A method for selecting model parameters based on accuracy and computational feasibility criteria
DOI: 10.31673/2412-9070.2026.318101
Abstract
This paper provides a formal description of an algorithm for determining the feasible domain of admissible parameters for a discrete mathematical model of acoustic wave propagation in validation tasks based on field measurements. The key practical challenge addressed by the algorithm is the need to satisfy several requirements simultaneously: numerical correctness of the simulation, computational feasibility under limited resources, and sufficient agreement between simulation outputs and experimental observations according to a predefined accuracy metric. In typical validation work-flows, increasing numerical resolution or model detail can improve accuracy, but it also increases runtime and memory consumption, which makes many configurations impractical for repeated runs and parameter studies. Therefore, a systematic and reproducible procedure is required to identify the set of parameter configurations that meets the target accuracy while remaining feasible on the available hardware.
The proposed algorithm is based on sequential selection (filtering) of parameter configurations according to a cascade of criteria. First, configurations are checked for numerical correctness to exclude those that violate stability or other validity conditions and may lead to non-physical results or divergence.
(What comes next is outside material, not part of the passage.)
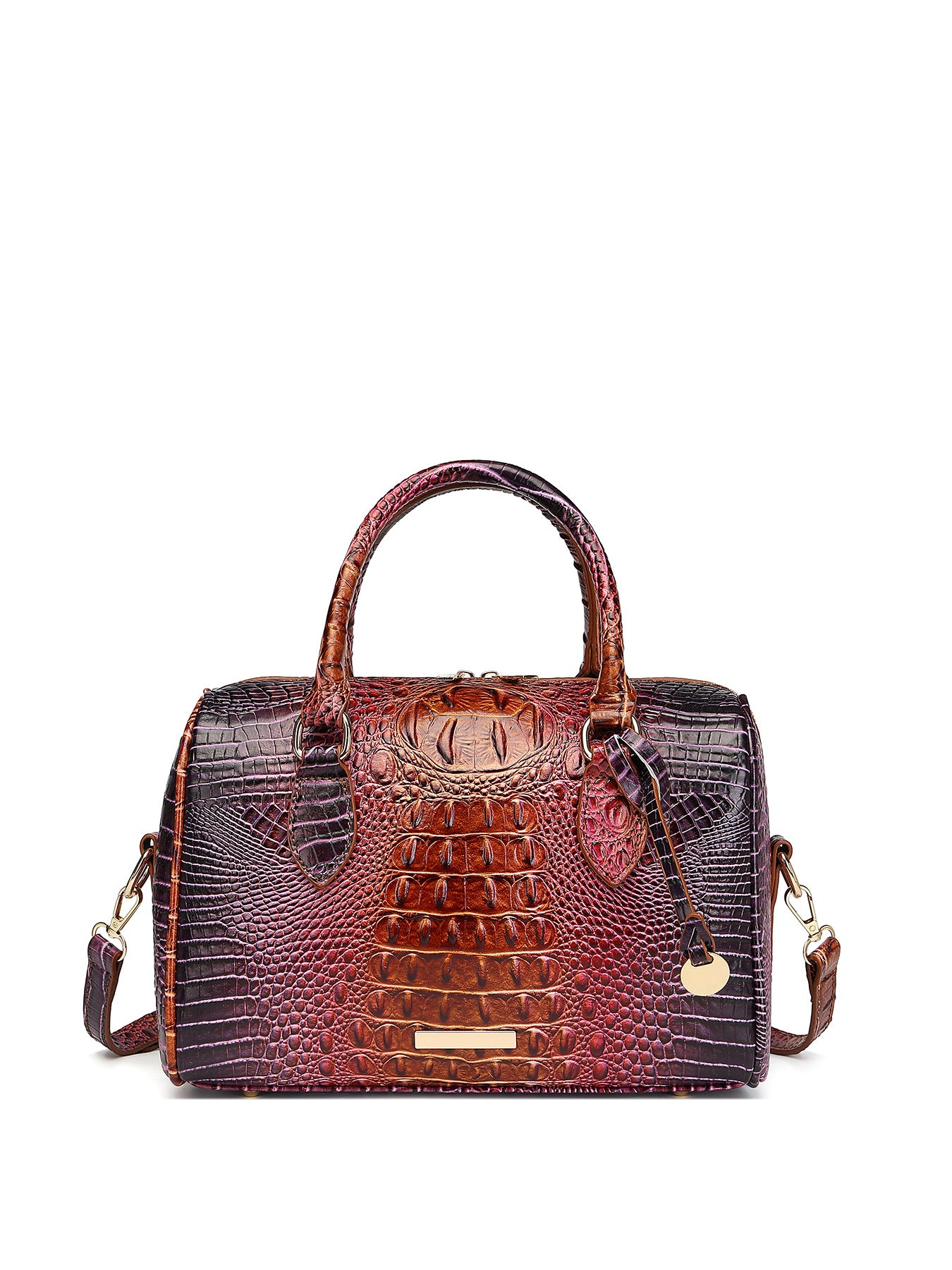 Women's Portable Underarm Vintage Brahmin Crocodile Pattern Bags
Second, for configurations that pass the numerical filter, computational resources are measured (execution time and, if available, memory usage) and compared with predefined limits to ensure resource feasibility. Third, the accuracy of the model output is evaluated by comparing simu-lated signals with experimental measurements using a specified metric, and only configurations that satisfy the accuracy threshold are retained. If required, the algorithm includes an additional self-consistency verification step: the results of a candidate configuration are compared with a control computation of higher numerical accuracy (e.g., using refined discretization) in order to reject configurations that do not demonstrate acceptable convergence.
As a result, the algorithm produces a set of admissible parameter configurations that simultaneously satisfies hardware constraints and provides the required accuracy, thereby forming a practical basis for reproducible and interpretable parameter selection in software tools for validation of acoustic wave propagation models.
Keywords: mathematical model validation, acoustic wave propagation, discrete model, model parameters, admissible parameter domain, numerical correctness, computational feasibility, accuracy metric, self-consistency, configuration selection algorithm.